Even with the cast changes, a November 17 survey of 1,500 adults in the United States, which was conducted by Redfield & Wilton for Newsweek, showed that just one in five people found the show to be funny.

That said, 48 percent of those polled said that SNL was sometimes funny.

Over the years, countless celebrities have guest-hosted the program, including Alec Baldwin, Tom Hanks, Christopher Walken, Drew Barrymore, Justin Timberlake and Ben Affleck.

Earlier this month, SNL sparked criticism online after it was announced that Dave Chappelle would host for the third time.
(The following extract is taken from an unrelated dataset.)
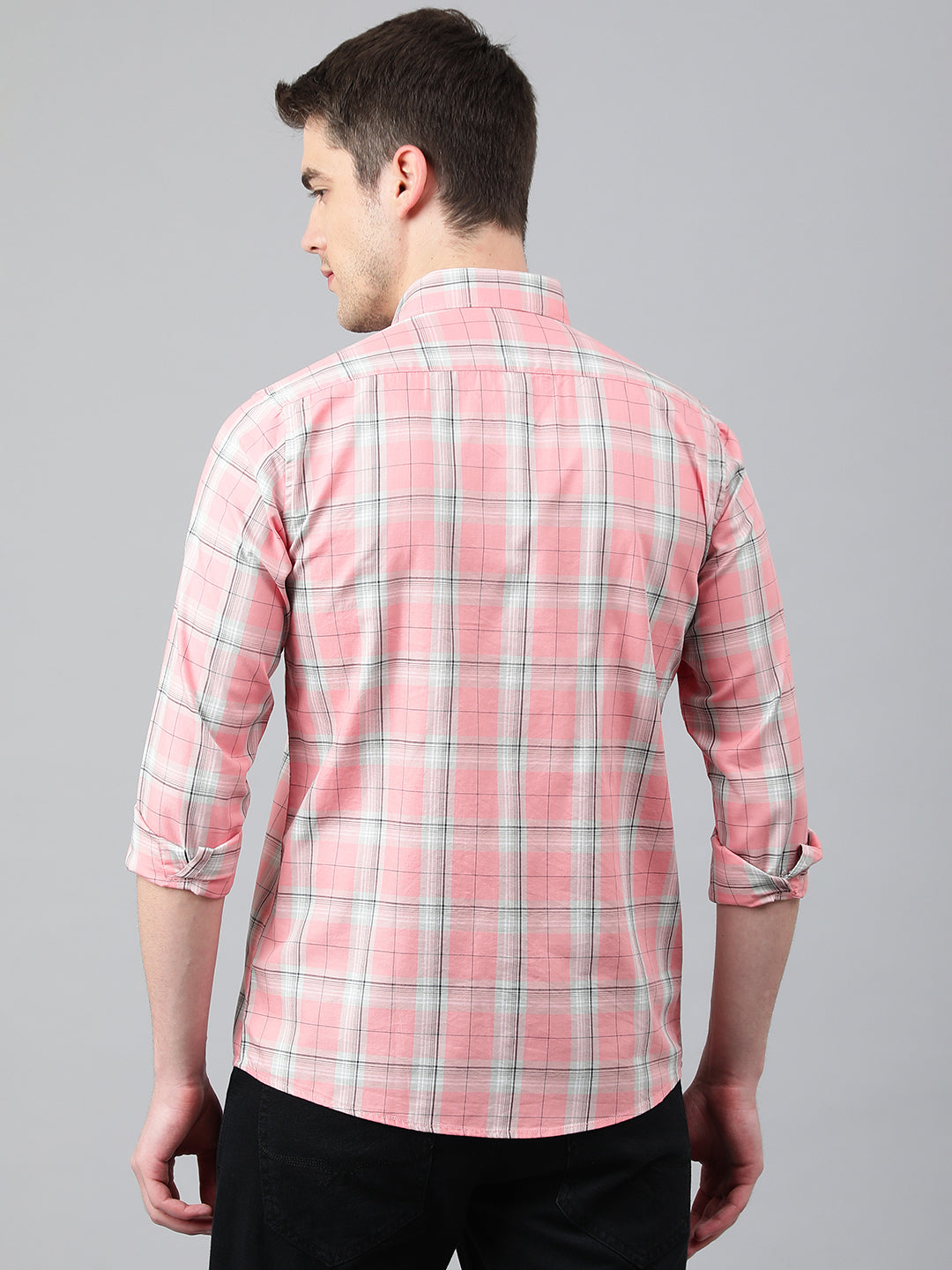 Men Pink Standard Fit Checkered Casual Shirt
The comedian, 49, was criticized for his Netflix special The Closer, in which he made jokes targeting the LGBTQ+ community, specifically transgender people.

"Gender is a fact," Chappelle said in the special. "Every human being in this room, every human being on earth, had to pass through the legs of a woman to be on earth. That is a fact."
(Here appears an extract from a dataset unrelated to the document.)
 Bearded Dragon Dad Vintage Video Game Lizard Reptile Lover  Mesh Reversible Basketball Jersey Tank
He also landed in hot water after appearing to make light of Kanye West's antisemitic posts on social media while hosting SNL. In October, West—who legally changed his name to Ye last year—wrote on Twitter that he was going to go "death con 3 on JEWISH PEOPLE."

In his opening monologue, Chappelle said, "I gotta tell you guys, I've probably been doing this for 35 years now, and early in my career, I learned that there are two words in the English language that you should never say in sequence, and those words are the and Jews. Never heard someone do good after they said that."
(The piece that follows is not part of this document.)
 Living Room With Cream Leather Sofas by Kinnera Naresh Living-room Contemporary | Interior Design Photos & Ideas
StopAntisemitism Executive Director Liora Rez later slammed Chappelle's SNL comments, calling them "disgusting" in an interview with Newsweek.

"Chappelle has normalized the Jew-hatred spewed by Kanye West last month, which often manifests into real-world violence," Rez said. "Who gave Chappelle the green light for that disastrous hate speech? Where are Lorne Michaels and NBC Universal CEO Jeff Shell in holding Chappelle accountable?"

Michaels and Shell have not spoken out about the backlash.